Google domine la recherche sur internet et devient un acteur de plus en plus important dans les autres domaines du web. Tout cela nécessite de grosses infrastructures informatiques, Jeff Dean en présente la nouvelle architecture dans le document ci-dessus. La suite de l’article montre des photos des générations précédentes, du matériel conçu par Google.

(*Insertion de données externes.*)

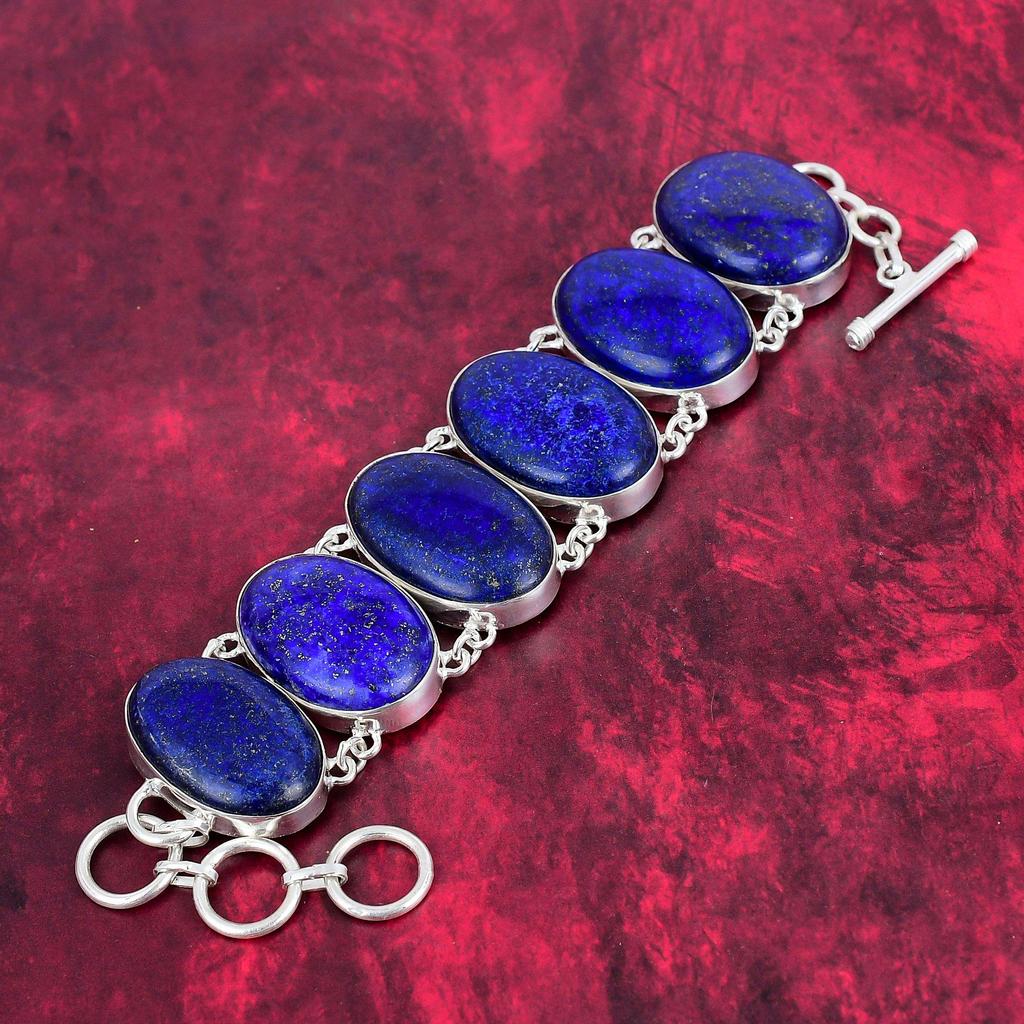 Лазурит из стерлингового серебра 925 пробы, ожерелье и браслет, комплект ювелирных изделий, прекрасный ювелирный подарок ручной работы для нее, комплект ювелирных изделий из драгоценных камней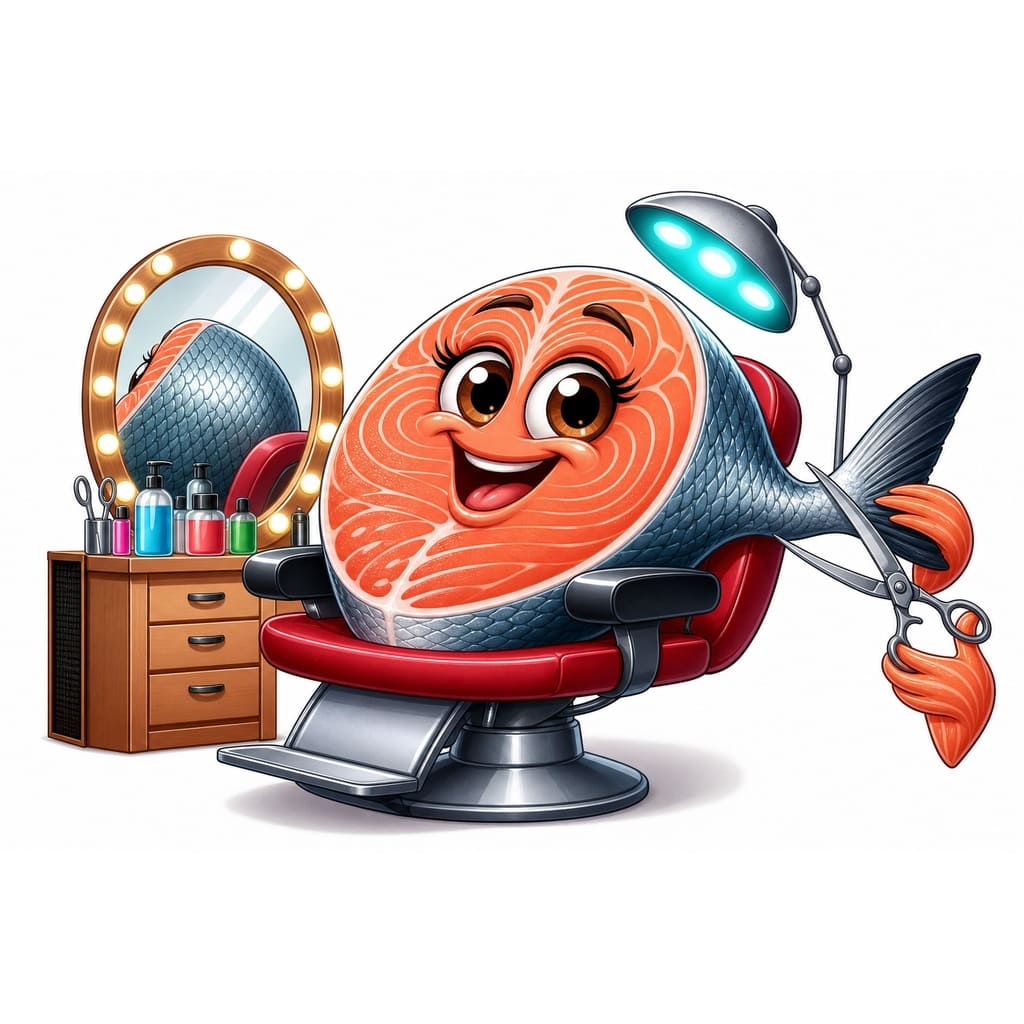 Мнемоническая картинка к слову SALMON — Лосось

photo serveurs google 2007 2008 2009
Les serveurs de Google aujourd’hui

photo serveurs google 2001
Les serveurs de Google en 2001

photo serveurs google 1999
Les serveurs de Google en 1999

photo serveurs google 1997
Les serveurs de Google en 1997

Récapitulatif (source) :

Jeff Dean did a great talk at Google IO this year. Some key points from Steve Garrity (msft pm) and some note from the excellent write-up at Google spotlights data center inner workings:

  • many unreliable servers to fewer high cost servers
  • Single search query touches 700 to up to 1k machines in < 0.25sec
  • 36 data centers containing > 800K servers
    – 40 servers/rack
  • Typical H/W failures: Install 1000 machines and in 1 year you’ll see: 1000+ HD failures, 20 mini switch failures, 5 full switch failures, 1 PDU failure
  • There are more than 200 Google File System clusters
  • The largest BigTable instance manages about 6 petabytes of data spread across thousands of machines
  • MapReduce is increasing used within Google.
    – 29,000 jobs in August 2004 and 2.2 million in September 2007
    – Average time to complete a job has dropped from 634 seconds to 395 seconds
    – Output of MapReduce tasks has risen from 193 terabytes to 14,018 terabytes
  • Typical day will run about 100,000 MapReduce jobs
    – each occupies about 400 servers
    – takes about 5 to 10 minutes to finish

More detail on the typical failures during the first year of a cluster from Jeff:

  • ~0.5 overheating (power down most machines in <5 mins, ~1-2 days to recover)
  • ~1 PDU failure (~500-1000 machines suddenly disappear, ~6 hours to come back)
  • ~1 rack-move (plenty of warning, ~500-1000 machines powered down, ~6 hours)
  • ~1 network rewiring (rolling ~5% of machines down over 2-day span)
  • ~20 rack failures (40-80 machines instantly disappear, 1-6 hours to get back)
  • ~5 racks go wonky (40-80 machines see 50% packetloss)
  • ~8 network maintenances (4 might cause ~30-minute random connectivity losses)
  • ~12 router reloads (takes out DNS and external vips for a couple minutes)
  • ~3 router failures (have to immediately pull traffic for an hour)
  • ~dozens of minor 30-second blips for dns
  • ~1000 individual machine failures
  • ~thousands of hard drive failures